The only sourdough in the village
It was conceived well over a decade ago in Rhinebeck, New York using organic grapes, a copy of Nancy Silverton’s instructions on how to capture a sourdough yeast culture, a large plastic tub, some flour, and a square of muslin (see La Brea Bakery for detailed instructions). Its gestation period was 2 weeks, during which it transformed from a bright yellow festering mass into a pale and lively sourdough yeast culture. And so my sourdough culture was born on a summers day in the apartment in Clinton Corner which I rented from David Bean (a ‘Jet’ from the film West Side Story) and his eccentric wife Jeannie, a retired actress.
Jeanie has always been an incredibly supportive friend and in the early days of my career she regularly volunteered her time and efforts to waitress for me. With hindsight it is now clear that Jeanie was probably not waitress-material, but I am ever so grateful to her for trying! It was my dear friend Jeanie who very graciously agreed to waitress for me at a lunch party at the home of, the then, Libby Mavroleon (heiress to the Camel Cigarette Empire). The guests arrived and we served canapés. Jeanie is vivacious and wonderfully easy to talk to and soon she was working the crowd and interacting with the guests as only an actress can. Jeanie enigmatically suggested to Donald Trump’s mother that perhaps Donald Trump should consider changing his hairdresser. After receiving a sharp glance, Jeanie made a swift exit and fled to the kitchen. Although that was nothing compared to the debacle which unfolded later in the day! The party was in full swing and my Paella, in the capable hands of Jeanie, made its grand entrance across the terrace. I watched happily from the sidelines and then, to my horror… Jeannie stumbled just as she reached the table. My Paella was air-born! I looked on, unable to even breathe let alone help, as the slow motion scene unfolded before me. Poor Jeanie tried desperately to catch the giant pan but instead managed to, rather unceremoniously, tip half of the Paella down the unsuspecting neck of Donald Trump’s mother.
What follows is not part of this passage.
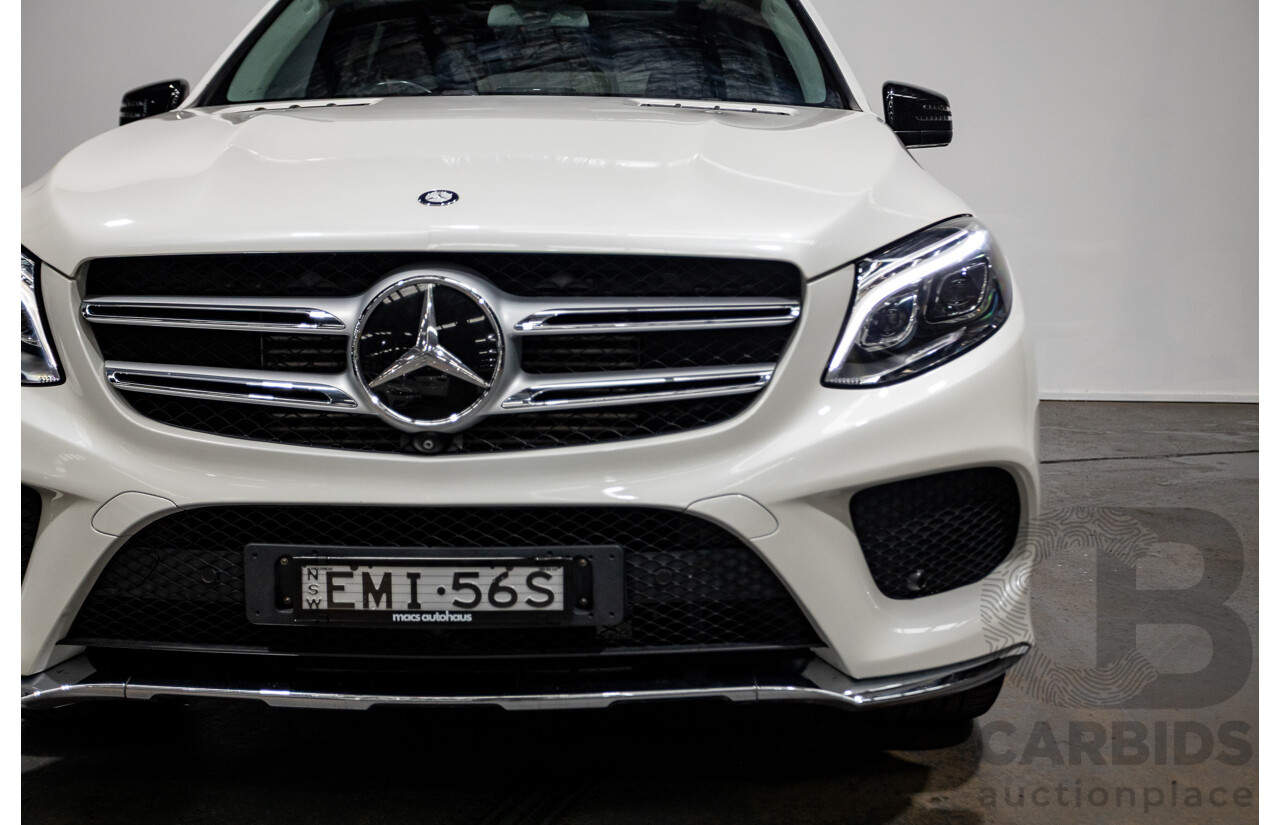 1/2016 Mercedes Benz GLE350d AMG Line (AWD) W166 4d Wagon Diamond White Metallic Turbo Diesel V6 3.0L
I was mortified but both Libby and Donald Trump’s mother took the incident in good humour.
Anyway, back to the matter in hand: my sourdough culture, now alive and kicking!
During its life it has travelled thousands of miles around the globe accompanying me in my role as an itinerant private chef. It has made every style of bread from brioche to pita, and has been enjoyed by millionaires, trillionaires, Dukes, Duchesses, Lords, Ladies and even a Prime Minster and a Princess. Despite this, it still remains down-to-earth and is equally happy when making the perfect bread for a chip butty.
Things haven’t always been easy between us; once on a flight to Cork it exploded inside my suitcase, encasing every item of clothing with a thin layer of ‘batter’- not a good look! We then caused mayhem at Stansted airport when I innocently packed it in what turned-out to be the WRONG 100ml container and after begging a teaspoon from a cafe I then spent 45 minutes poking small dollops through the tiny neck of the RIGHT 100 ml container to enable us to continue our journey albeit somewhat depleted.
It has survived on its own, dormant in my fridge for 5 months whilst I’ve travelled alone. Then faithfully revived after a little TLC and returned to baking fitness within mere days.
It has diligently provided ‘offspring’ upon demand and the ‘family’ is now spread amongst many of Leith’s School of Food & Wine teachers and students, Cambridgeshire’s sourdough enthusiasts, and Divertimenti fans.
It reached celebrity status for being the main star in the very first UK Slow Food Sourdough Workshop and perhaps the very first sourdough workshop in the UK, now more than a decade ago.
I’m confident that it was the only sourdough culture in the village at that time, but thankfully the proverbial closet is finally fully open and the world is now packed with enthusiastic sourdough bakers both amateur and professional.